In [34]:
import warnings
                      
import pandas  ## This is the module for creating and manipulating DataFrame

from pandas.core.common import SettingWithCopyWarning

warnings.simplefilter(action="ignore", category=SettingWithCopyWarning)


##  Config Variables

In [35]:
#Name of csv file used for dataframe.
relative_data_path = 'data.csv'
Data_DF = get_csv_data(relative_data_path)
features_lst = ['valence', 'acousticness', 'danceability', 'energy', 'instrumentalness', 'liveness', 'loudness', 'popularity', 'speechiness', 'tempo']
num_explicit = len(Data_DF[Data_DF['explicit'] !=0])
print(num_explicit)

14433


## Functions

**get_csv_data** – Takes the location of a csv file and returns a dataframe of the csv file.

In [36]:
def get_csv_data(location):

    df = pandas.read_csv(location)
    return df

**validate_user_input** – Takes a string (feature) and returns a strin

In [37]:
def validate_user_input(feature):
    
    while True:
        try: 
            response = input("Please enter a whole number between 0 and 10 to indicate the level of {} in your playlist.\n \n0 = Minimum {} \n10 = Maximum {} \n \nPlease enter a whole number between 0 and 10: ".format(feature,feature,feature))
            print()
                                   
            if response not in ['0','1','2','3','4', '5', '6','7','8','9','10']:
                print("{} is not a whole number between 0 and 10! \nPlease input a whole number between 0 and 10!\n".format(response))
                continue
            break
        except ValueError:
            print("{} is not a whole number between 0 and 10! \nPlease input a whole number between 0 and 10!\n".format(response))
    
    print("You've selected {} out of 10, for {}.\n".format(response, feature))
    feature_weight = int(response)/10
    
    return feature_weight
#validate_user_input('energy')

In [19]:
def validate_selected_features(features):
    selected_features = list()
    
    while True:
        try: 
            response = input("Please select which feature you'd like to base your playlist suggestion on.\nIf you would like to select multiple features, please select the most important one first.

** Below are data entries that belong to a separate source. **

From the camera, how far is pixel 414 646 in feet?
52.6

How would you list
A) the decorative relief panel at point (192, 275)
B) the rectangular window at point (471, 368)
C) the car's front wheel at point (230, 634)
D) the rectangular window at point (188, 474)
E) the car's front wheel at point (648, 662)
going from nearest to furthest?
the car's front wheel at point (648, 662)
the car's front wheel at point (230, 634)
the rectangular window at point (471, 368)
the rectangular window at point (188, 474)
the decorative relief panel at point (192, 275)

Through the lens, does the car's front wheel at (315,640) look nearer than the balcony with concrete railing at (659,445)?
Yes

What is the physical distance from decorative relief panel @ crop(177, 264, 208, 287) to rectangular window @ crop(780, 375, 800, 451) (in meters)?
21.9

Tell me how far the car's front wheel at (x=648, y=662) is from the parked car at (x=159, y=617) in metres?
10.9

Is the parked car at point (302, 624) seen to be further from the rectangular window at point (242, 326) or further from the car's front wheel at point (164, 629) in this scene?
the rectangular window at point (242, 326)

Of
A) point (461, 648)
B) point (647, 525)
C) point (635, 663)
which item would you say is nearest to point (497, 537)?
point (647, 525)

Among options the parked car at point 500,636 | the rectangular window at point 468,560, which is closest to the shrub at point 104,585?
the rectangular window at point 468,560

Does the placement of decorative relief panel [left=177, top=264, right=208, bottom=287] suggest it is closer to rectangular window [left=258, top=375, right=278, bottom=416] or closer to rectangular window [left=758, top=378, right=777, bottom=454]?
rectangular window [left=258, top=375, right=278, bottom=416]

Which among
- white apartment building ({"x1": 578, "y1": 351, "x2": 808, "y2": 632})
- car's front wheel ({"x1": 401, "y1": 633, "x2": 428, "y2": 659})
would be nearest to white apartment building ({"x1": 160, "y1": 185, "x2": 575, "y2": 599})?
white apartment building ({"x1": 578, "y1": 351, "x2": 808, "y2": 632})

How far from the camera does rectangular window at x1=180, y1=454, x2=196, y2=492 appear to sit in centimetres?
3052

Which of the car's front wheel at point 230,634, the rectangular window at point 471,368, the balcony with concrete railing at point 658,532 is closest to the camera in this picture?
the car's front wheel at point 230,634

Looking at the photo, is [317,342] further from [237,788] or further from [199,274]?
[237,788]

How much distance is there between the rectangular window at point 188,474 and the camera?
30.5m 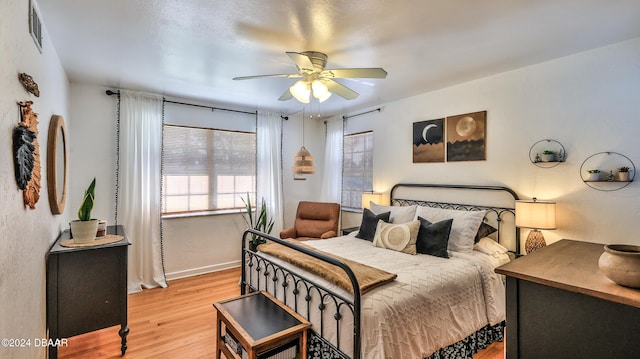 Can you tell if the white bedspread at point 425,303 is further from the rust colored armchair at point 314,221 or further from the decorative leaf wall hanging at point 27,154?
the decorative leaf wall hanging at point 27,154

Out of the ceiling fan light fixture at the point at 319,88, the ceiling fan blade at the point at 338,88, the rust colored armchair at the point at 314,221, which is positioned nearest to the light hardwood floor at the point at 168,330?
the rust colored armchair at the point at 314,221

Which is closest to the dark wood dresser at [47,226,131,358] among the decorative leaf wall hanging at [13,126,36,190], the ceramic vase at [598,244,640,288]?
the decorative leaf wall hanging at [13,126,36,190]

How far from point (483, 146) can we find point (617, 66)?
1.21 meters

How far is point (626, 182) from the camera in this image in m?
2.40

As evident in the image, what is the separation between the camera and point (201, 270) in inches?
175

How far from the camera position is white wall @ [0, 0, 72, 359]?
1.33 meters

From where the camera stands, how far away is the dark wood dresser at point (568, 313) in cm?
→ 137

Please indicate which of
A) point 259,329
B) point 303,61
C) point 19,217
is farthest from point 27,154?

Thank you.\n\
                             \n1 = {} \n2 = {} \n3 = {} \n4 = {} \n5 = {} \n6 = {} \n7 = {} \n8 = {} \n9 = {} \n10 = {} \n\nPlease enter one of the numbers shown above: ".format(features[0],features[1],features[2],features[3],features[4],features[5],features[6],features[7],features[8],features[9]))
            print()
                                   
            if response not in ['1','2','3','4', '5', '6','7','8','9','10']:
                print("{} is not an option! \nPlease input a whole number between 1 and 10!".format(response))
                continue
            selected_features.append(features[int(response)-1])
            print("You've selected {}.".format(features[int(response)-1]))
            print()
            while True:
                try:
                    again = input("Would you like to select another feature? \nPlease enter yes or no: ")
                    print()
            
                    if again.lower() not in ['yes', 'no']:
                        print("{} is not an option! \nPlease answer with yes or no.\n".format(again))
                        continue
                    break
                except ValueError:
                    print("{} is not an option! \nPlease answer with yes or no.".format(again))
            if again.lower() == 'no':
                break
            else:
                continue
        except ValueError:
            print("{} is not an option! \nPlease input a whole number between 1 and 10!".format(response))
    
    print("Thank you. \n\nYou've selected:\n")
    print()
    
    selected_features_lst = list(dict.fromkeys(selected_features))
    for i in selected_features_lst:
        print(i)
    
    print()
    return selected_features_lst
#validate_selected_features(features_lst)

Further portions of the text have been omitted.